La Chiesa del Mali ha accusato i giornalisti di aver scritto «un articolo tendenzioso» e, in un comunicato, ha lasciato intendere che l’inchiesta giornalistica fosse un tentativo per ostacolare la nomina cardinalizia. «Questo atto – si legge nel comunicato stampa rilasciato dalla Cem – compiuto nel momento in cui la nostra Chiesa viene onorata dalla nomina del suo primo cardinale, mira a sporcare la sua immagine e a destabilizzarla. Dio che vede e che sa tutto, saprà un giorno ristabilire la verità».
Mons. Zerbo è una personalità di primo piano del Mali. Ha più volte mediato nel difficile processo di riconciliazione e ha assunto ruoli attivi nei negoziati di pace. Nel suo entourage, riporta il sito Vatican Insider, qualcuno confida che Zerbo è rimasto così male per le voci sui soldi in Svizzera da ammalarsi, tanto da essere stato portato a Parigi per essere curato e venire a Roma solo all’ultimo, ma ancora convalescente.

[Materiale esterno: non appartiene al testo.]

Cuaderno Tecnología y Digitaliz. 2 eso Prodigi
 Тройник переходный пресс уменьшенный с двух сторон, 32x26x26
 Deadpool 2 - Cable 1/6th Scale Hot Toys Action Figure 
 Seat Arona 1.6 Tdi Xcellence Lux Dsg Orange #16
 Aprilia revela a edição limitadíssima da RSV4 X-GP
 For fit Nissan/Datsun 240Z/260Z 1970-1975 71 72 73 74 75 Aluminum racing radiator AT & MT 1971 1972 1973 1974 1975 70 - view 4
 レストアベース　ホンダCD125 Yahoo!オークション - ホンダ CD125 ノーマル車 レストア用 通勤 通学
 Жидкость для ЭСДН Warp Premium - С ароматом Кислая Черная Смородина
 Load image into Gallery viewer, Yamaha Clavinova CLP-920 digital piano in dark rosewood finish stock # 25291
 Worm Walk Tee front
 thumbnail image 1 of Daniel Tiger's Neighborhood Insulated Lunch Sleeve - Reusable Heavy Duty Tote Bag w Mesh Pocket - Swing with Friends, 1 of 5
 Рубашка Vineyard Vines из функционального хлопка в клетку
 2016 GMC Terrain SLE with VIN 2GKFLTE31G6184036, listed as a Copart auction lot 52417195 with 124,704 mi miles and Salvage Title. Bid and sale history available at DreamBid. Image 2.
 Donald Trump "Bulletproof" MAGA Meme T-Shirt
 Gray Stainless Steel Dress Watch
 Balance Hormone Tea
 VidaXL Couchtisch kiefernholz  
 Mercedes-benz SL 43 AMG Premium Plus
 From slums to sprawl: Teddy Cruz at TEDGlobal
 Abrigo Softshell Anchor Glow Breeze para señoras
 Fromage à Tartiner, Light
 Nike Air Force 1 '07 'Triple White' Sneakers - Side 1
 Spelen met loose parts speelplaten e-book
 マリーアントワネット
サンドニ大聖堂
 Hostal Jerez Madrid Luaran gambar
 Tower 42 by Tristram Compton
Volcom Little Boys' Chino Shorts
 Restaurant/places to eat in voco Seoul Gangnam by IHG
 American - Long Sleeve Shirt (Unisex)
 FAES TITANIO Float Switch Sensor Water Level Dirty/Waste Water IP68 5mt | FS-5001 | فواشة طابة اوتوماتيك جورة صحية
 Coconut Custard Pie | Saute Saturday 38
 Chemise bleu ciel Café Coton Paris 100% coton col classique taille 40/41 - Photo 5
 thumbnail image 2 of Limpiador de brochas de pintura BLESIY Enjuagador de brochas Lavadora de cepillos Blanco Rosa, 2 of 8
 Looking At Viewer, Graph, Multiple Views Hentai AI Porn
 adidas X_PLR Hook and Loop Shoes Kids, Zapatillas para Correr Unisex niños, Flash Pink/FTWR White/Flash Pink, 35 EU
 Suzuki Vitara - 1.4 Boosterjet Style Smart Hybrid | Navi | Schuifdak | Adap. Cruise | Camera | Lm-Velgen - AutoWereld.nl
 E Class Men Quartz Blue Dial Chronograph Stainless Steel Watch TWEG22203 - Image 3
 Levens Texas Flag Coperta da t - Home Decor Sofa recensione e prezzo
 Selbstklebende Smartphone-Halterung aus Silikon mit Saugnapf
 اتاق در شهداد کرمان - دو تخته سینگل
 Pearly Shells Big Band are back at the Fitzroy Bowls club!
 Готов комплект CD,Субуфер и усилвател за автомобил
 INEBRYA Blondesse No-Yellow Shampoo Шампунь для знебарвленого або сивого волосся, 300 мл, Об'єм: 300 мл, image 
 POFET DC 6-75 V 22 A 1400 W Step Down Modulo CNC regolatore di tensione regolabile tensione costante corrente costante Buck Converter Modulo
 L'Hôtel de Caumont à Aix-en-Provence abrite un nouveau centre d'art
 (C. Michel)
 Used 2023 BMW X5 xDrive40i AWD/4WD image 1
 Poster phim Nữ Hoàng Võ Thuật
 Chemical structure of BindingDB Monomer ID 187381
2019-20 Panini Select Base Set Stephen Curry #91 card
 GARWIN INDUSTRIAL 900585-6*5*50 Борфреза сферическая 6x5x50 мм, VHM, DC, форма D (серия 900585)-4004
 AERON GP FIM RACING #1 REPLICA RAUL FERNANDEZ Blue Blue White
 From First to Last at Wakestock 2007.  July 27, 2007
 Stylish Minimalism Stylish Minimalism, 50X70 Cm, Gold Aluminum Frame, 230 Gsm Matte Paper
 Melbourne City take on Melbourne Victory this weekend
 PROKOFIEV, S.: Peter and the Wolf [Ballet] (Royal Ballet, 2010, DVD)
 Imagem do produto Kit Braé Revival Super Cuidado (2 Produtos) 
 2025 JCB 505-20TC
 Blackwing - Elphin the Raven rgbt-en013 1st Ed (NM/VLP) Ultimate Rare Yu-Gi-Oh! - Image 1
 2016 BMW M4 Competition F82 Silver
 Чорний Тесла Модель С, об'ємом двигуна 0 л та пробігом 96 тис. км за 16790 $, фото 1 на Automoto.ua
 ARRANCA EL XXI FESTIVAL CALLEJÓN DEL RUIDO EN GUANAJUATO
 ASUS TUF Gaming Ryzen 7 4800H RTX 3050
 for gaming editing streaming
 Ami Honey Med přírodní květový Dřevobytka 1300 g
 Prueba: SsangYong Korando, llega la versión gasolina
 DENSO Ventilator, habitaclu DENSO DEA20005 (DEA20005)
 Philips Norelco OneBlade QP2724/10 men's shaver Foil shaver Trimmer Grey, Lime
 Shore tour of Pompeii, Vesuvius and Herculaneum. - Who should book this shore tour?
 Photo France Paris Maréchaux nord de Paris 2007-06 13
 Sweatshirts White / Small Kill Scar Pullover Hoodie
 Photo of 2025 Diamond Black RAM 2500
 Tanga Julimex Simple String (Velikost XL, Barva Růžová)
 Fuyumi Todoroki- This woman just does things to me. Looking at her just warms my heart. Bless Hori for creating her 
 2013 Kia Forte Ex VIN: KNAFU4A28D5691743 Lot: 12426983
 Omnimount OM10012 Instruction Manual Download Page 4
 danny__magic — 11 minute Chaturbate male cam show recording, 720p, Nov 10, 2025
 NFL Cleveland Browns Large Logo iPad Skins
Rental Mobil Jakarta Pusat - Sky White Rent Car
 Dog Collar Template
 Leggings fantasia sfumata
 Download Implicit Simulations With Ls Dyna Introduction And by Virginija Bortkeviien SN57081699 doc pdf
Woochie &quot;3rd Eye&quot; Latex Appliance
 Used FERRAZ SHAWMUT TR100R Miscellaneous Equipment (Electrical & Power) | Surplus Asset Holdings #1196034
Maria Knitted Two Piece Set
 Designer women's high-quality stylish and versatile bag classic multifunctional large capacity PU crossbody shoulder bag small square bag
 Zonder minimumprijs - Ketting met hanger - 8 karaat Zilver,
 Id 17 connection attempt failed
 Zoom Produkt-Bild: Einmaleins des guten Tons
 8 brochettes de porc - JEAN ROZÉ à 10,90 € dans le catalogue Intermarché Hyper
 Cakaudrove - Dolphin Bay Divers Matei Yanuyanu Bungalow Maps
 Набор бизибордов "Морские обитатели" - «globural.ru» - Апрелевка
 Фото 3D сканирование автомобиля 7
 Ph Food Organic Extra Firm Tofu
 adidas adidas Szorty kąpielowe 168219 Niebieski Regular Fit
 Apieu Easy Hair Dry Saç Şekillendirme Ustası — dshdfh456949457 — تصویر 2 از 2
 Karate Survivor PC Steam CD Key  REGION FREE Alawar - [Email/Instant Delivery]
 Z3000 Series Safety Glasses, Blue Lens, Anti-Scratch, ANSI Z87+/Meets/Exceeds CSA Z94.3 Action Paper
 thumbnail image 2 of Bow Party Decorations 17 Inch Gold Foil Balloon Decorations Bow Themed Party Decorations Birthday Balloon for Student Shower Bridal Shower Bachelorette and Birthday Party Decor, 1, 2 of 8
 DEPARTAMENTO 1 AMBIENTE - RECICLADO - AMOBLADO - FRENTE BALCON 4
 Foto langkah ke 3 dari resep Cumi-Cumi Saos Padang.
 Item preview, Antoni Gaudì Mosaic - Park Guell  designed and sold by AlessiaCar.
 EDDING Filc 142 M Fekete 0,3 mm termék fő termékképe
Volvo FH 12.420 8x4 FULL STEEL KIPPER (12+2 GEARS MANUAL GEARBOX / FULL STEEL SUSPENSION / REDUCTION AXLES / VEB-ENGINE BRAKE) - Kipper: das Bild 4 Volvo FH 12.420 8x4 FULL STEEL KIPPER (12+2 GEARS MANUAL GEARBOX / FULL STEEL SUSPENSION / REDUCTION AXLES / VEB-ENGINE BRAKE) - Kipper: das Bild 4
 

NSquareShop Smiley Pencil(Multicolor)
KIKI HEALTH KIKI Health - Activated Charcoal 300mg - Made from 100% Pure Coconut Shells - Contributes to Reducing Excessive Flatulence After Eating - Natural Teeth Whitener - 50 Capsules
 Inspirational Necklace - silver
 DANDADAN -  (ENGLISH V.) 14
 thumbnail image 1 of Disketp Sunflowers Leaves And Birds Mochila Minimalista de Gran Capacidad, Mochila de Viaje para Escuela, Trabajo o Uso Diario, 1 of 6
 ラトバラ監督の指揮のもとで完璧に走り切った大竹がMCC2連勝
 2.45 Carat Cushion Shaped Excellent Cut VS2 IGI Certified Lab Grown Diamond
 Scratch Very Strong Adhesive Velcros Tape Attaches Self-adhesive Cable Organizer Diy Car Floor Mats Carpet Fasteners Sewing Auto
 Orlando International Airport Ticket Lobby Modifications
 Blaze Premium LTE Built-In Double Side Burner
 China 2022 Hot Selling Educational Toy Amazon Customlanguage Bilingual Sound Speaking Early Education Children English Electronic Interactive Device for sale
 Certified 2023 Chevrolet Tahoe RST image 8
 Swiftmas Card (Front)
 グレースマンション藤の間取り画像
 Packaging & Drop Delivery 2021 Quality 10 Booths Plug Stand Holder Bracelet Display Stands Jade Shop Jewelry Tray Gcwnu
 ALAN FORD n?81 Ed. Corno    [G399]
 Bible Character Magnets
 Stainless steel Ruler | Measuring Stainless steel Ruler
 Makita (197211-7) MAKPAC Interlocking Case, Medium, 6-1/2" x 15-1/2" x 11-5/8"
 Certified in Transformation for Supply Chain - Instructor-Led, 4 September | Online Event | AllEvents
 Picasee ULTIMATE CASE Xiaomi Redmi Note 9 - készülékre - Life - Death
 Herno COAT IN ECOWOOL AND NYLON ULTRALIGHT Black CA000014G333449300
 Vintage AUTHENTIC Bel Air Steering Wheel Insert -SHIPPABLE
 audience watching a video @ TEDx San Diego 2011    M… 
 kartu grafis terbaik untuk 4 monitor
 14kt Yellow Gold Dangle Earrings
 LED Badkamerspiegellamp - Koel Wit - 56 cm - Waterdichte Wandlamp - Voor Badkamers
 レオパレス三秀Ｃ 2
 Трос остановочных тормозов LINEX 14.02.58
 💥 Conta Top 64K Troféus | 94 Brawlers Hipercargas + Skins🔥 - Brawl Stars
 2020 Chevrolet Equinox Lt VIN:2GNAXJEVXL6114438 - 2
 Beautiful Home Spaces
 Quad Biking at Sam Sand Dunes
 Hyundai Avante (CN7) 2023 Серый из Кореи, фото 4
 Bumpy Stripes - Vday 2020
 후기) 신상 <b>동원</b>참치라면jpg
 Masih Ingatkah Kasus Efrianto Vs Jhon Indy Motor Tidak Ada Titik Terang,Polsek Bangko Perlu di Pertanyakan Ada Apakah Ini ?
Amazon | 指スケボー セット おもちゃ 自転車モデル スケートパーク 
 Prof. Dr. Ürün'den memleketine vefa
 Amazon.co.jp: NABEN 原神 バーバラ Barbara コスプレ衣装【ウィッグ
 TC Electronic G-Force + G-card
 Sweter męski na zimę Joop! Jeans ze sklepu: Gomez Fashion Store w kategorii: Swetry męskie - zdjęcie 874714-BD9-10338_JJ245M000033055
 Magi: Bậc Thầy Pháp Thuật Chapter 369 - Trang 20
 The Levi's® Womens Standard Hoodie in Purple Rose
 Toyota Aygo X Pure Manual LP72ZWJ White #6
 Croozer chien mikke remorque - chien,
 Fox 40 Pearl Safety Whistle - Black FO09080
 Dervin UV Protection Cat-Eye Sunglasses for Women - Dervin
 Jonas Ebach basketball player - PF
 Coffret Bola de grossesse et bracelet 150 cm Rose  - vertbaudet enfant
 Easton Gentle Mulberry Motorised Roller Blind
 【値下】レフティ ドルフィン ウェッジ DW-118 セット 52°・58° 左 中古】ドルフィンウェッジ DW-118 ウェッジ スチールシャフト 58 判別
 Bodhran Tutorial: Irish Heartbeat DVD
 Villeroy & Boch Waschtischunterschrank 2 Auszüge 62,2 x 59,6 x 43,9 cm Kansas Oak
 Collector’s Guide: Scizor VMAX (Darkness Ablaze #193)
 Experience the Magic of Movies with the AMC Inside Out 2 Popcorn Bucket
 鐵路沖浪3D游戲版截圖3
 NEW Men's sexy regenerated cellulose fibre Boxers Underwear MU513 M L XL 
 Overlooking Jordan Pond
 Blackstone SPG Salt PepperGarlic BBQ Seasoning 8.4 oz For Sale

Per chi, come noi, si occupa di Africa da anni, la nomina di un cardinale africano è un motivo di grande gioia. È il riconoscimento della crescente importanza del continente non solo in campo economico e politico, ma anche ecclesiale. Lo scandalo che ha preceduto il conclave però lascia una macchia sulla figura di mons. Zerbo. Fermo restando che chiunque è innocente fino a prova contraria, non era forse meglio soprassedere alla nomina fino a che tutto fosse chiarito e ogni dubbio fosse fugato? Ne avrebbe tratto giovamento lo stesso mons. Zerbo. Ma anche la Chiesa cattolica che, proprio in questi anni, grazie all’opera di Papa Francesco, si sta dando un’immagine di istituzione trasparente. E, alla fine, anche l’Africa ne sarebbe uscita meglio. Rendere chiaro che un leader africano opera non solo in modo efficiente, ma anche senza segreti se senza fini di arricchimento personale, avrebbe dato agli stessi africani un modello da imitare. Lasciare aperti i dubbi non fa che rendere più opaca l’immagine dell’Africa e della Chiesa.